Not all classics can be saved

03 April, 2020

This is a Sad story of a once-loved Jaguar, as the car had been left so long its was simply not economical to repair, although at Classic Car Buyer we buy almost any car and rarely turn any away.
This was another chance’ find like so many of our cars, being in the right place at the right time.
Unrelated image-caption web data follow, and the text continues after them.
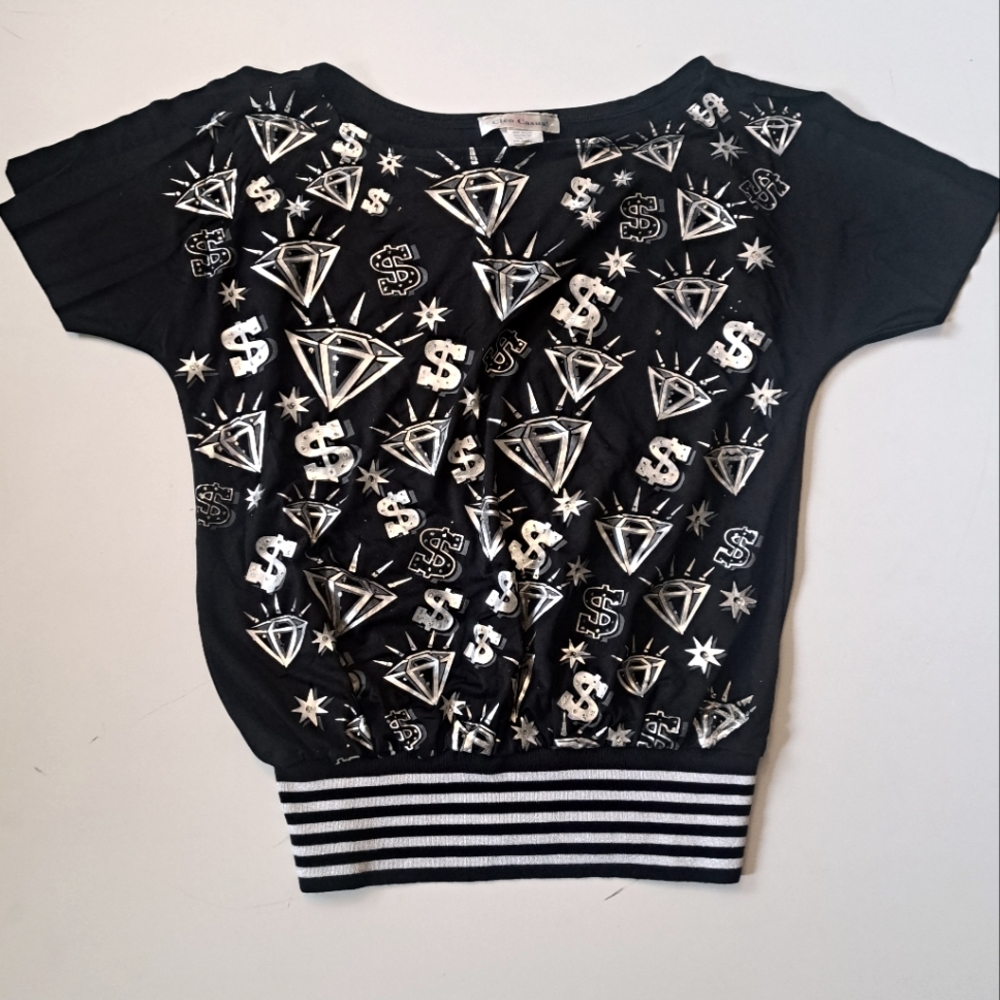 Dollar sign diamond printed top Small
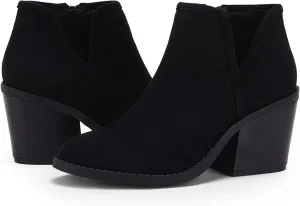 PiePieBuy Womens Ankle Boots Chunky Stacked Heel Slip on Shoes Faux Suede Side Zipper Casual Western Booties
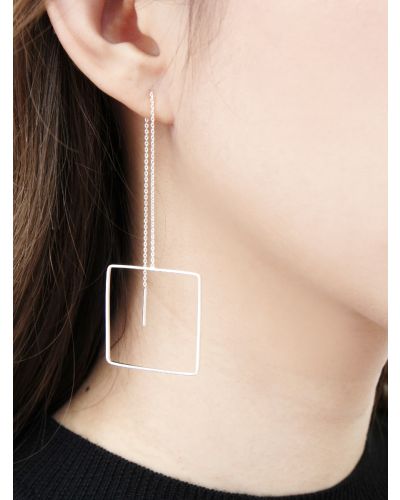 OPENWORK SQUARE THREADER EARRINGS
A delivery drive dropped off some parts at Classic Car buyer HQ and we got talking, he mentioned a Jag parked in barn, I obviously showed some considerable interest, and after a few minutes chatting the driver he gave me a rough idea where the car was.
 

It was over a year that had passed since he’d last seen it, so It wasn’t guaranteed it was still there.
Not to be put off, like most barn find sightings, they always take priority over everything else, so the hunt was on, we immediately jumped in the Landrover Discovery and headed to the location, at first we thought it was a lost cause and maybe another dud sighting of the elusive Loch Ness Monster of barn finds, then I spotted it, lurking in the bushes like a Jaguar in the wild ready to pounce.

It was more under a barn than in it, but sure enough there it was, a Blue Jaguar 3.4 MK II.

I knocked on the door of the cottage that nestled beside the field hoping someone was in and became very excited when I heard movement.

A very helpful gentleman answered the door and explained, it wasn’t his and that the field belonged to a farmer just up the road, so off we trundled, the farm was guarded by two of the biggest dogs I’d ever seen, lucky really as they went wild when we arrived and the farmer came out to see what the commotion was all about.

I explained we’d spotted the Jag and asked if we could take a look, ok if you’re quick was the reply, we weren’t allowed through the farm, not that I wanted get anywhere near the dogs, so we drove back to the field wadded through a load of stinging nettles and jumped over the fence, the farmer met us there via an easier route!, 

It was clear the car had seen better day, it was sunk in the ground, buried in timber, and if I was scared of spiders, it would have finished me off.
The farmer told me the car was her Grandfathers, he’d owned it from new, and that it had been in its resting place for over 40 years.

Time was short so we swapped contact details and we left wondering if it was worth buying?

Of course it was! 

After several weeks and phone calls we arrived at a price we both agreed on, I went back a couple of days later to collect the car not really knowing how I was going remove it, the first job was to secure the building it was in, we used a tractor to lift the roof and I put in new timbers to help the building live a little longer, after digging down to get a jack under the car I removed the brake calipers so the wheels would turn, and put on another set of wheels.

Initially, the intention was to take the fence down however that looked tricky and would be messing up the area, so in the end, we agreed it would be easier ‘and more fun’ to free the car going through several fields with a tractor.

Overall it was a truly lovely day with the sun shining, drinking lots of tea and learning all about the original owner and eventful trips taken in the car.

The car ended up being a great source of parts and helped several other Mk 2 Jaguar stay on the road.